My attempt: Suppose $\sqrt{2} +\sqrt[3]{2}$  is rational then $\exists$ $x\in \mathbb{Q}$ such that $$\sqrt{2} +\sqrt[3]{2}=x$$ Rewriting the above equation as $$x-\sqrt{2}=\sqrt[3]{2}$$ cubing the above equation gives us $$x^3-3x^2\sqrt{2}+6x-2\sqrt{2}=2$$ This implies that $$\sqrt{2}=\frac{x^3+6x-2}{3x^2+2}\in\mathbb{Q}$$ but this is absurd . Therefore ,$\sqrt{2} +\sqrt[3]{2}$  is irrational.

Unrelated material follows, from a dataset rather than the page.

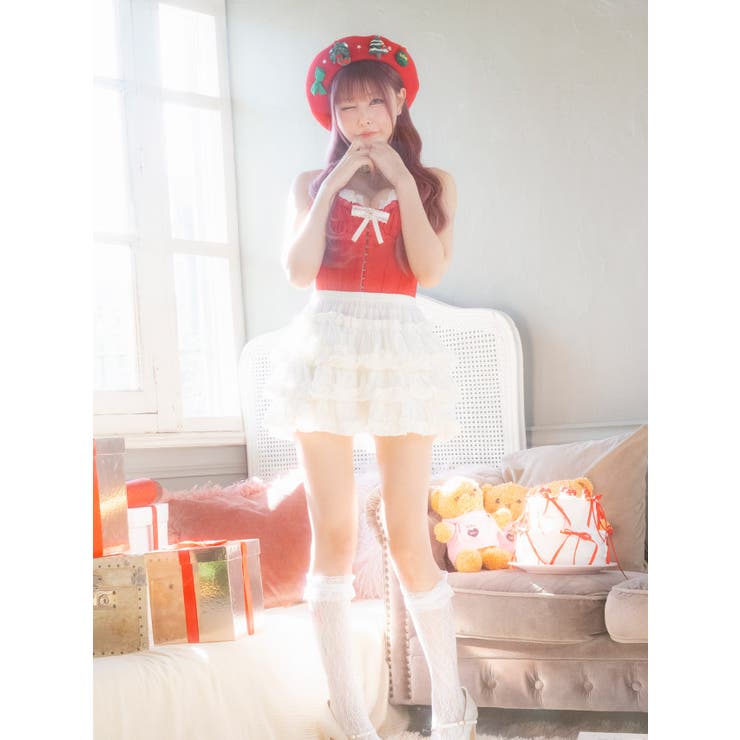 フロントホック×インナーパンツ付きフレアスカートのベレー帽サンタコスチューム | Tika | 詳細画像5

Does this look good ?  Can this be done any other way.
This question is from chapter 2 of Spivak's Calculus.  In there he's given a hint which says "start by working with the 6th power " of this expression.. I don't see how that helps . Can you show me how it can be done using the hint the Author has provided ? Thank you
 A: You've got the right idea, but there are two (small) problems:


*

*the equation $$x^3-3x^2\sqrt{2}+6x+2\sqrt{2}=2$$ is wrong, the last sign on the left should be $-$, as in $(-1)^3=-1$.

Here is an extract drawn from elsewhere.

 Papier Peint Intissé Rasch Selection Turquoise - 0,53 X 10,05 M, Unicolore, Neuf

*you should explain why it is possible to divide by $3x^2-2$. In fact, once you fix the first point I mentioned, it's going to be $3x^2+2$ and it's going to be much easier.
A: The OP shows great ingenuity with their (now fixed up) answer.

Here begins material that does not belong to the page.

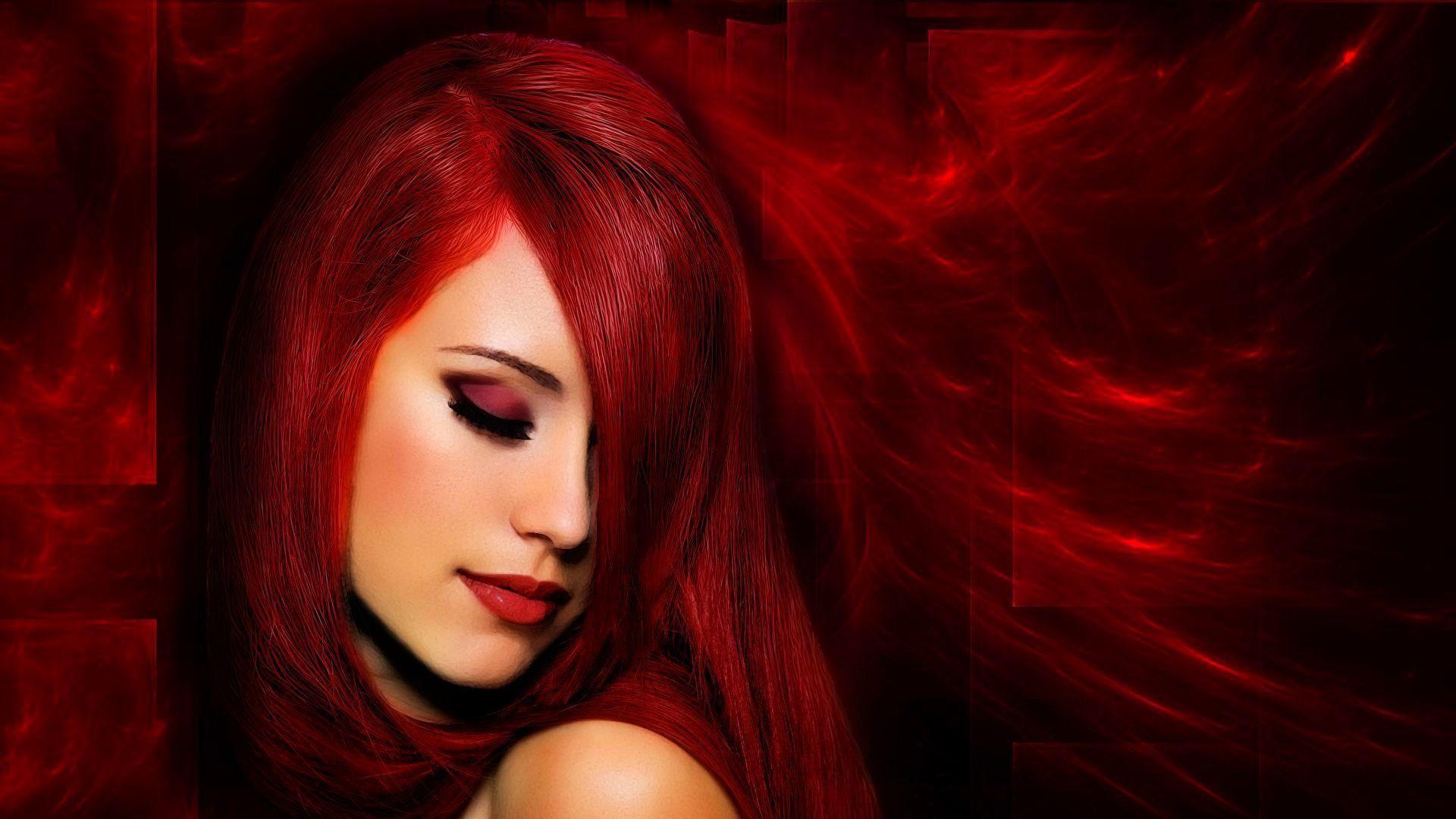Fantasy Entropy Red Girl Red Hair Wallpaper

You can also go with Spivak's hint:

From Spivak's Exercise 18.a we know that if $u$ satisfies
$\tag 1 u^n + a_{n-1}u^{n-1} + \dots + a_0 = 0$
for integers $a_{n-1}, \dots, a_0$, then $u$ is either irrational or an integer.
Let
$\quad u = 2^{\frac{2}{6}} + 2^{\frac{3}{6}}$
It can be show that $u$ isn't an integer (see next section).
Moreover, it can be shown (by solving a system of linear equations) that
$\tag 2 u^6 -6u^4-4u^3+12u^2 -24u - 4 = 0$

Since
$\quad \sqrt{2} \lt \frac{3}{2}$
$\quad \sqrt[3]{2} \lt \frac{4}{3}$
we can write
$\quad \sqrt{2} + \sqrt[3]{2} \lt \frac{3}{2} + \frac{4}{3} \lt 3$
Since
$\quad \sqrt{2} \gt \frac{5}{4}$
$\quad \sqrt[3]{2} \gt \frac{5}{4}$
we can write
$\quad \sqrt{2} + \sqrt[3]{2} \gt \frac{5}{4} + \frac{5}{4} \gt 2$
So $\sqrt{2} + \sqrt[3]{2}$ can't be an integer.
A: We can use field theory to conclude that the degree
$$
[\Bbb Q(\sqrt{2}+\sqrt[3]{2}):\Bbb Q]=6>1.
$$
The minimal polynomial of $\sqrt{2}+\sqrt[3]{2}$ is $x^6-6x^4-4x^3+12x^2-24x-4=0,$ see the first link.
References:
Finding the minimal polynomial of $\sqrt 2 + \sqrt[3] 2$ over $\mathbb Q$.
Finding a basis for the field extension $\mathbb{Q}(\sqrt{2}+\sqrt[3]{4})$
The first reference shows in a very elementary way that $\sqrt{2}\in \Bbb Q(\sqrt{2}+\sqrt[3]{2})$. Hence $\sqrt{2}+\sqrt[3]{2}$ is irrational.